We’ve never been at Village Underground before, a renovated Victorian warehouse in Shoreditch that used to store coal for the railway. With its firm brick walls, high ceiling and the transept-tunnel containing the bar, the space almost has something church-like. The microphone stands, as well as some of the lights, are decorated with ivy. There is a queue outside before the doors open and, given that Nilüfer Yanya has brought not one but two support acts, the room is unexpectedly well-filled as the first set starts.

First up is Lucy Lu, with a six-piece band half of whom will also turn out to be Yanya’s backing band. The songs are mellow and although Lu’s lyrics are too metaphoric to make sense (“I’m an astronaut in space without a suit”, he sings, perhaps channeling Major Tom?), he achieves a subtle swing by adding stresses and rhythms to his vocals. Nevertheless, it’s the band that stands out; especially the double saxophone combo, with Jazzi Bobbi on alto sax, is successful in evoking Dark Side of the Moon-era Pink Floyd, as well as Canterbury Scene jazz-prog groups such as Caravan. Without sounding stale in the least, I should add. The tracks available online so far are seemingly stripped-down versions placing less emphasis on these instrumental intermezzo’s, but especially as a live group Lucy Lu is definitely one to keep track of!

Lucy Lu

After a brief break – there are no delays tonight, and all performers express a sense of professionalism that’s decidedly not ‘rock’ – ALASKALASKA take the stage, fronted by Lucinda John-Duarte. Despite having one less musician on stage than Lucy Lu (though still counting an above-average six), their set is a lot wilder and eclectic. They blend disco, jungle and funk into their jazz-pop sound, while also calling to mind U.S. Girls’ experimental yet catchy punk, and Warpaint’s under-the-surface tension. There is a lot going on, then, and sometimes perhaps there’s too much going on. At times, it sounds like the individual musicians are diverging, each locking into their own groove. Somehow, though, they manage to find each other back in this chaos too. The recently released single ‘Meateater’, which comes towards the end of the setlist, is clearly the best track, with its slowing-down chorus and smooth, saxophone-led bridge that finally morphs back into a funky outro.

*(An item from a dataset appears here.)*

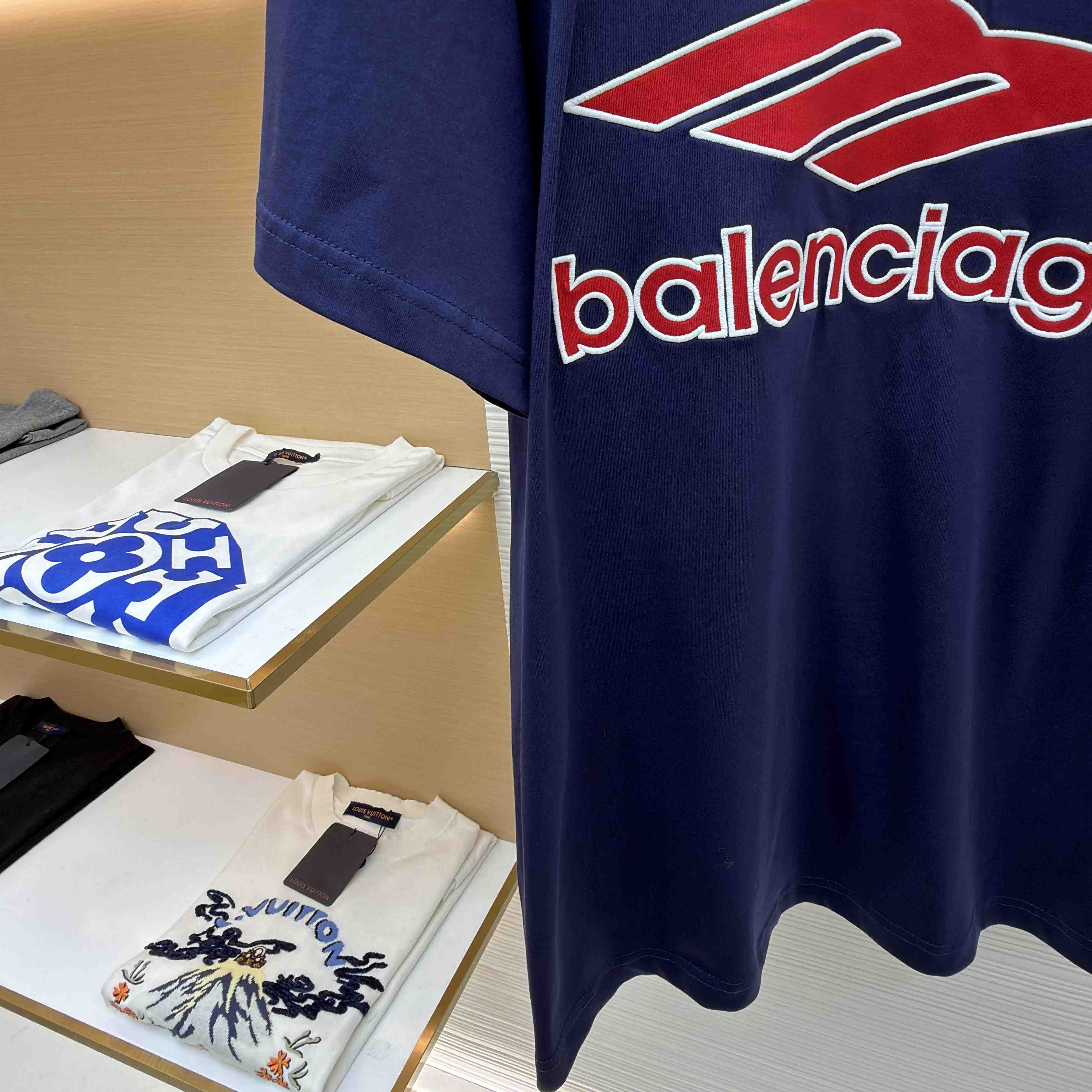 Balenciaga B Football V-Neck T-Shirt Oversized In Dark Navy - FashionPlug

The wait between ALASKALASKA and Nilüfer Yanya is slightly longer, but from the very first note the latter plays it is clear that she tops both bands that played before her. As mentioned earlier, Yanya’s backing musicians are members of Lucy Lu, including Jazzi Bobbi on saxophone and Lu on guitar/keyboard, which results in a funny situation when she thanks her support acts straight after introducing the band. In general, it seems that there is a lot of inspired crossover work going on between these musicians, with both Jazzi Bobbi and ALASKALASKA having remixed Yanya’s songs. Nevertheless, Nilüfer Yanya is tonight’s impressive centrepiece.

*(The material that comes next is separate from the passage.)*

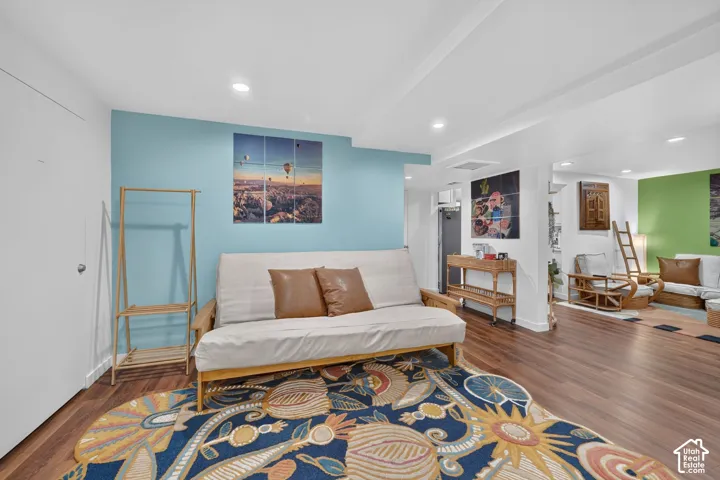 Recessed lighting illuminates the wood-finish flooring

Yet to release her first album, Yanya’s set spans the whole of her ‘backcatalogue’, ranging from a cover of the Pixies ‘Hey’ to an unreleased track called ‘Angels’. The former works surprisingly well – it’s difficult to pigeon-hole Yanya into a specific genre, but punk rock certainly doesn’t come to mind immediately. Nevertheless, her unique open-ended style of guitar-playing suits the track, giving the chords room to expand into the silence between them. The barely conceived anger of ‘Angels’, on the other hand, reserves an important role for Bobbi’s saxophone, the strained sounds of which seem to come straight out of the earth underneath her. It’s one of the best tracks of the night and we hope it will be included on Nilüfer Yanya’s debut album which is set for release early in 2019.

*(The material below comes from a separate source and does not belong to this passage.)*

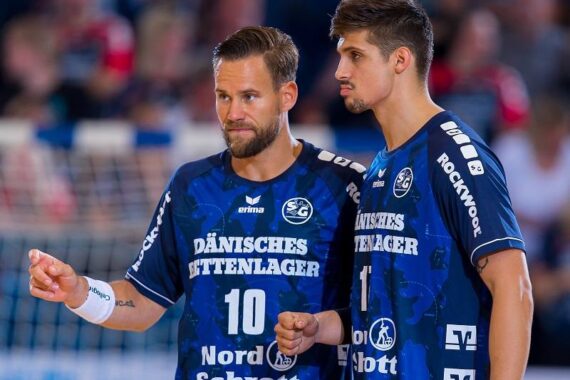 Zwei männliche Handballspieler in blauen Trikots mit Sponsorenlogos stehen in einer Halle nebeneinander und wirken während eines Spiels konzentriert und kommunikativ.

Of the tracks that have been released, though, ‘Thanks For Nothing’ (which reminds us of Flowers) remains her best, and tonight is no exception. Third on the setlist, it gains an impatient edge in its live performance, allowing Yanya to shred on guitar like she does. Similarly, ‘Baby Luv’, which comes near the end of the main set, is just a bit more jagged and punky than on single.

The songs, then, are outstanding, but that much was already known. Nilüfer Yanya’s presence on stage, on the other hand, can only be felt live. She is confident, and her voice is commanding. While Lucy Lu and ALASKALASKA both get laughs out of admitting their stage banter is non-existent, Yanya straightaway declares that she won’t busy herself with too much chat. Instead, she professionally takes us from track to track, and it’s only during the encore ‘Small Crimes’ that she giggles at her fans and friends singing along, slightly embarrassed. From start to finish, then, Nilüfer Yanya has us under her spell. She is unique and determined in every respect, and after tonight we’re expecting even more of her than we already did.